Sampling with a rank-deficient variance–covariance matrix
We wish to create m random-samples of n Gaussian variates that follow a specific variance–covariance matrix Σ. The canonical way to do that (and, unfortunately, often the only one that is described in textbooks) is to
- create an m × n matrix X of standard Gaussian variates without any specific correlation,
- compute the Cholesky factor of the desired variance–covariance matrix, and
- post-multiply X by this factor.
If Σ is rank-deficient, we can use a factorisation of Σ that does not require full-rank, such as the eigenvalue decomposition (see GMS).
The downside of an alternative decomposition is that it might be expensive. Also, since we want to sample, we would create more random numbers than we actually need.
Let us start with an example. We call our original data-matrix M.

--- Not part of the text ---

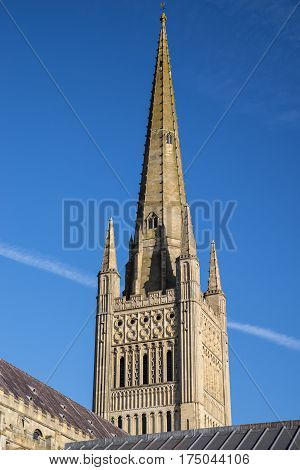 A view of the spire of the magnificent Norwich Cathedral in the historic city of Norwich UK.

nc <- 3 nr <- 10 M <- array(rnorm(nr*nc), dim = c(nr, nc)) C <- array(0.5, dim = c(nc,nc)) diag(C) <- 1 M <- M %*% chol(C) M <- M[ ,c(1,1,1,2,3)] head(M, 3)
[,1] [,2] [,3] [,4] [,5] [1,] -0.694 -0.694 -0.694 -0.261 0.446 [2,] -1.808 -1.808 -1.808 1.381 1.581 [3,] 0.687 0.687 0.687 1.316 2.186
M is rank-deficient by construction, since columns 2 and 3 are actually copies of column 1. If we were to compute a correlation matrix from these columns, we would only need a three by three matrix.
The function colSubset
will do all the work (this function is
incluced in the NMOF package).
colSubset <- function(x) { nr <- dim(x)[1L] nc <- dim(x)[2L] QR <- qr(x) if ((qrank <- QR$rank) == nc) { ans <- list(columns = seq_len(nc), multiplier = diag(nc)) } else { cols <- QR$pivot[seq_len(qrank)] cols_ <- QR$pivot[(qrank + 1L):nc] D <- array(0, dim = c(qrank, nc)) D[cbind(seq_along(cols), cols)] <- 1 D[ ,cols_] <- qr.solve(x[ ,cols], x[ ,cols_]) ans <- list(columns = cols, multiplier = D) } ans }
(tmp <- colSubset(M))
$columns [1] 1 4 5 $multiplier [,1] [,2] [,3] [,4] [,5] [1,] 1 1.00e+00 1.00e+00 0 0 [2,] 0 -1.22e-17 -1.22e-17 1 0 [3,] 0 -5.83e-17 -5.83e-17 0 1
It returns a list of two components: a full-rank subset of columns
that spans the column space of the original matrix and a matrix
multiplier
.
To create random numbers that match the correlation structure of M,
we create random numbers as in the textbook version, but we use a
correlation matrix that uses only the column subset. Then we
postmultiply by multiplier
.
C <- cor(M[ ,tmp$columns]) nc <- ncol(C) nr <- 100 X <- array(rnorm(nr*nc), dim = c(nr, nc)) X <- X %*% chol(C) X <- X %*% tmp$multiplier round(cor(X), 1)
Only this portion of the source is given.